:: DATA EXTRACT ::
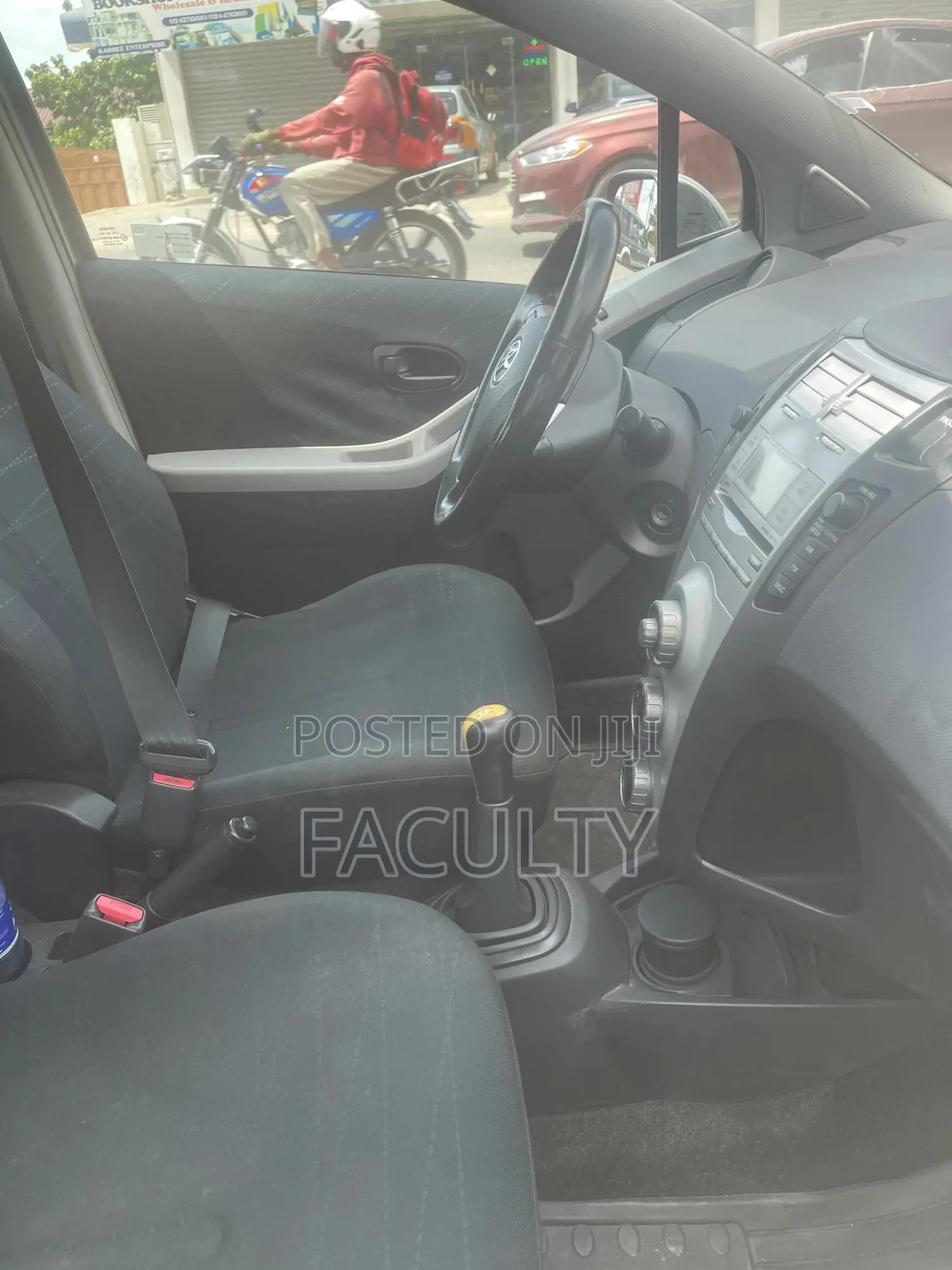 Toyota Yaris Base Hatchback 5dr 2010 Blue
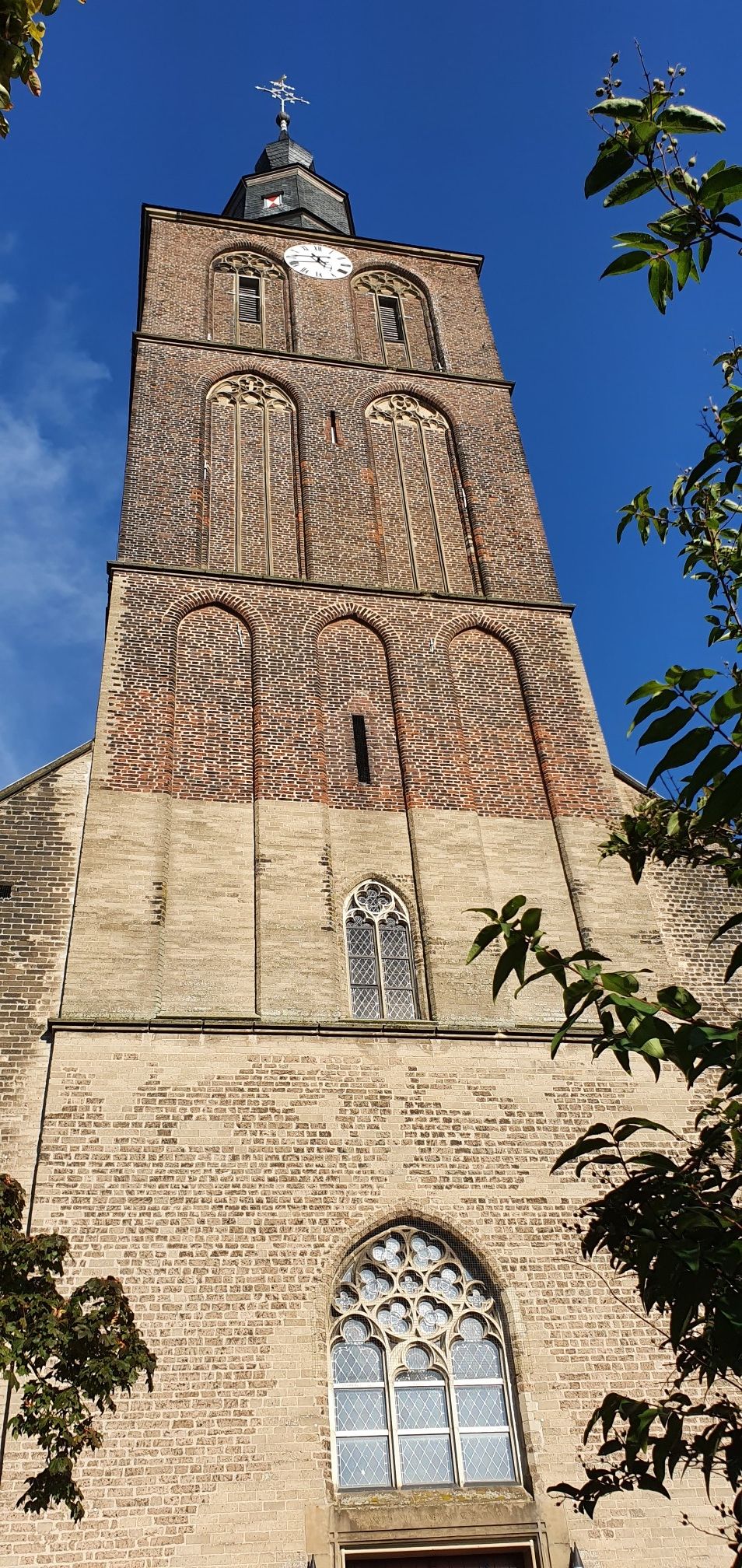 Dionysiuskirche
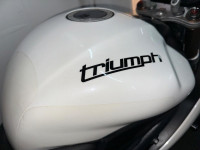 TRIUMPH SPEED TRIPLE 1050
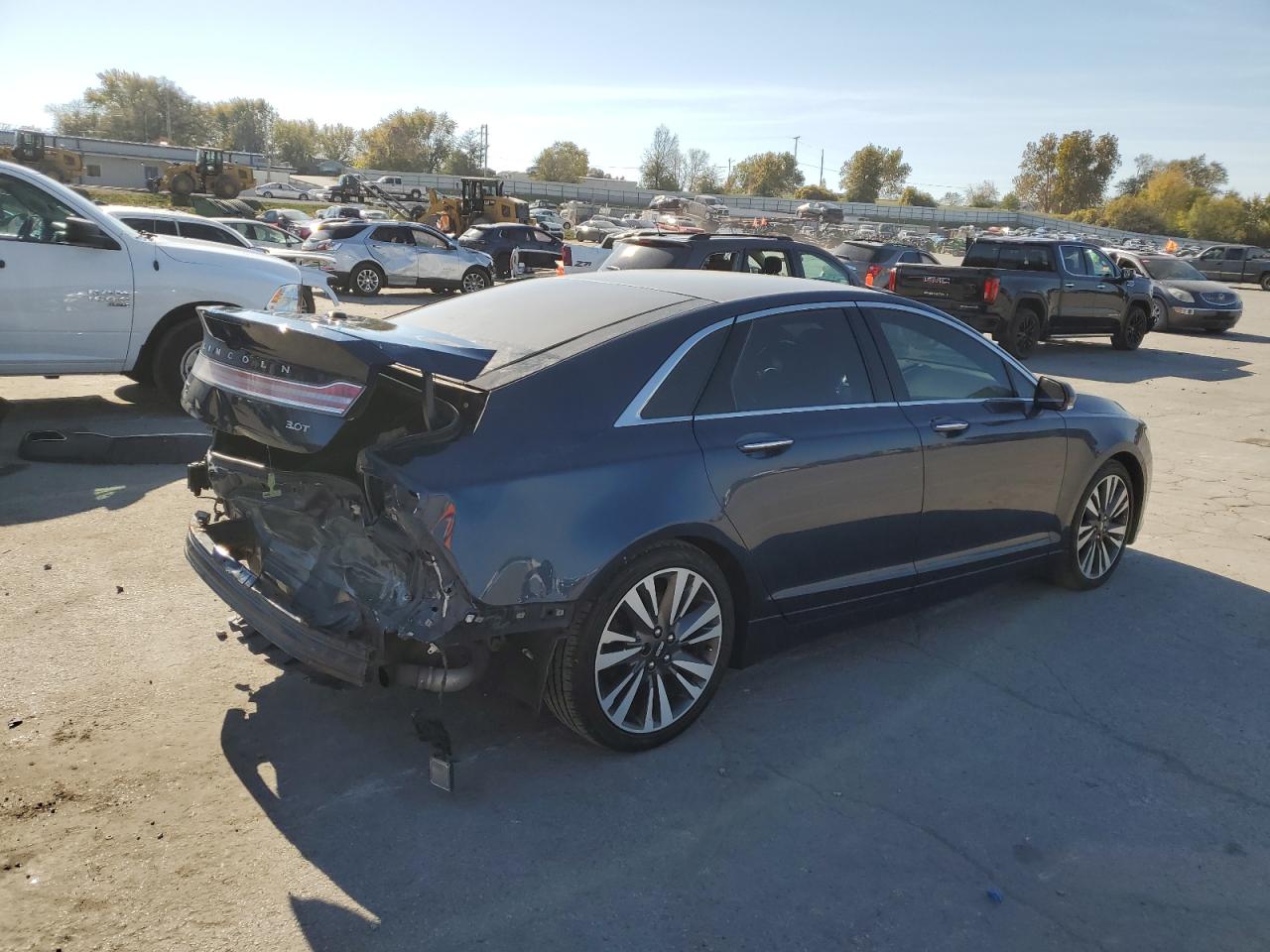 2017 Lincoln MKZ - Image 3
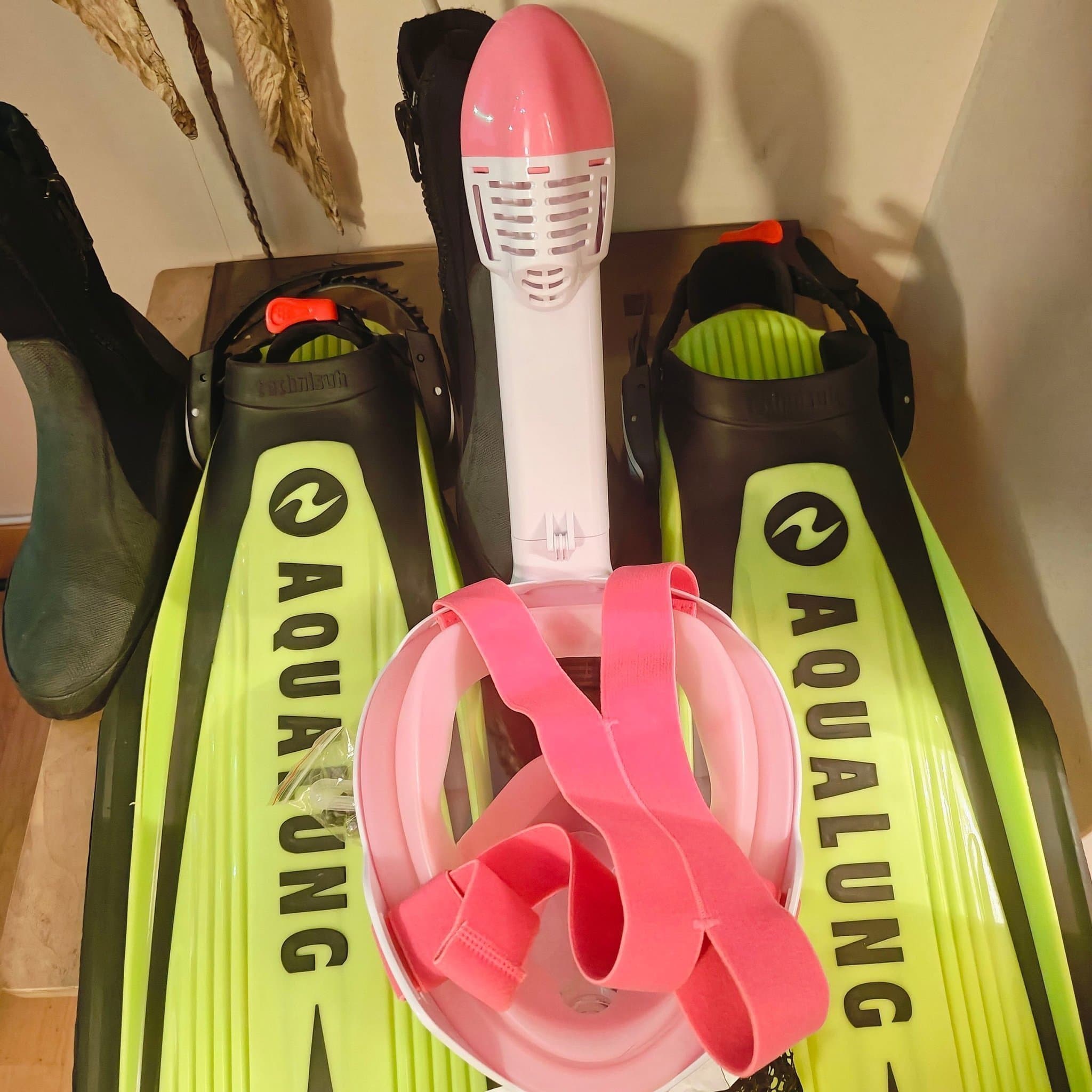 snorkelset Aqua Lung – Fenor, helmask,boots storlek38/39 Nyskick,komplett paket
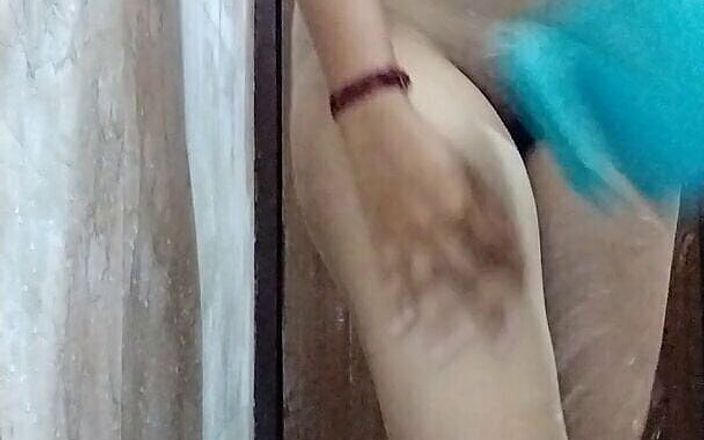 Brother-in-law Secretly Watched Sister-in-law While Bathing Naked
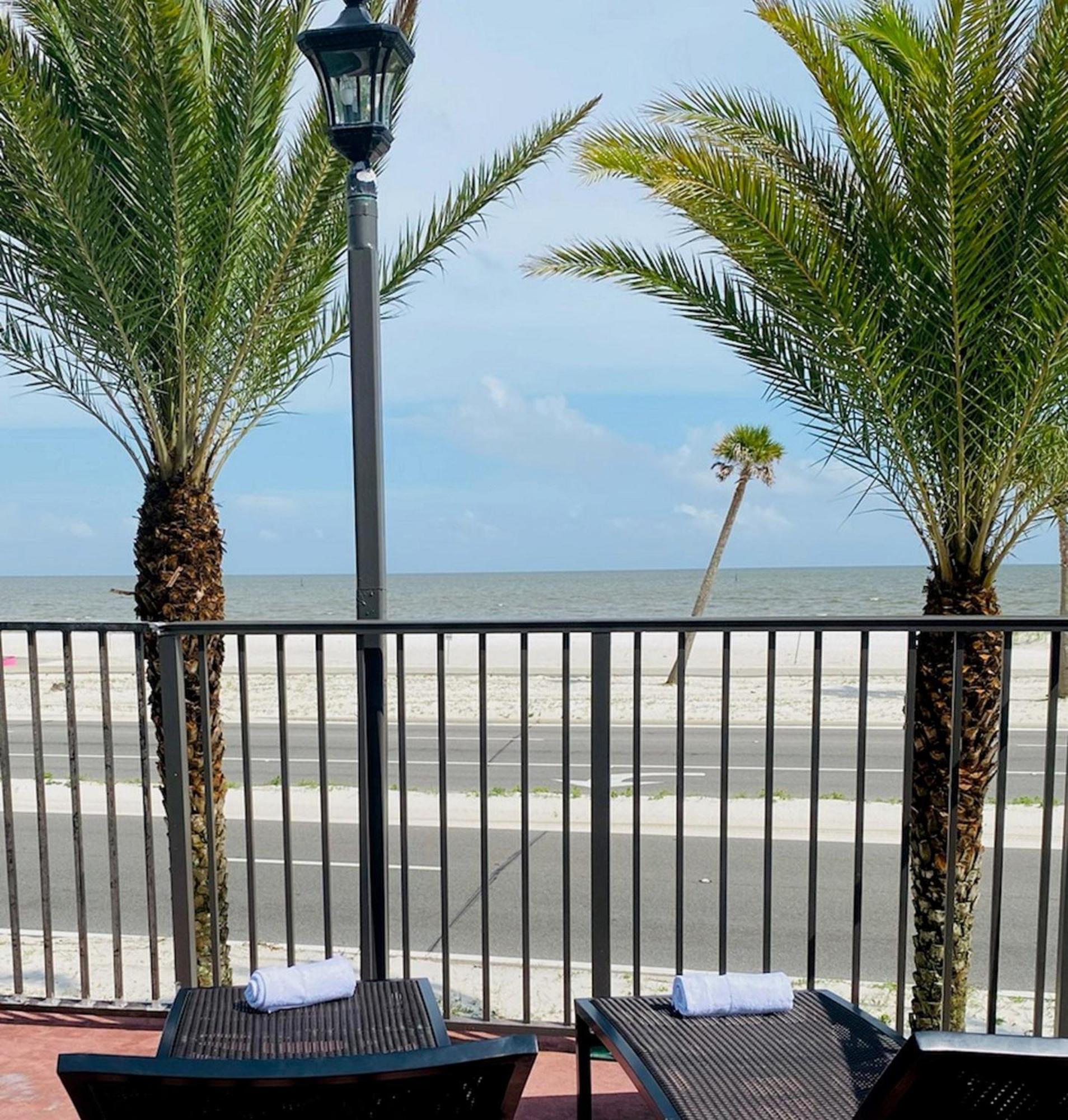 Holiday Inn Express - Gulfport Beach By Ihg Zewnętrze zdjęcie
:::
YOUR GOAL =>
Set every line of the records down again exactly, and exclude all pictures.

ANSWER TO THIS EXERCISE =>
 Toyota Yaris Base Hatchback 5dr 2010 Blue
 Dionysiuskirche
 TRIUMPH SPEED TRIPLE 1050
 2017 Lincoln MKZ - Image 3
 snorkelset Aqua Lung – Fenor, helmask,boots storlek38/39 Nyskick,komplett paket
 Brother-in-law Secretly Watched Sister-in-law While Bathing Naked
 Holiday Inn Express - Gulfport Beach By Ihg Zewnętrze zdjęcie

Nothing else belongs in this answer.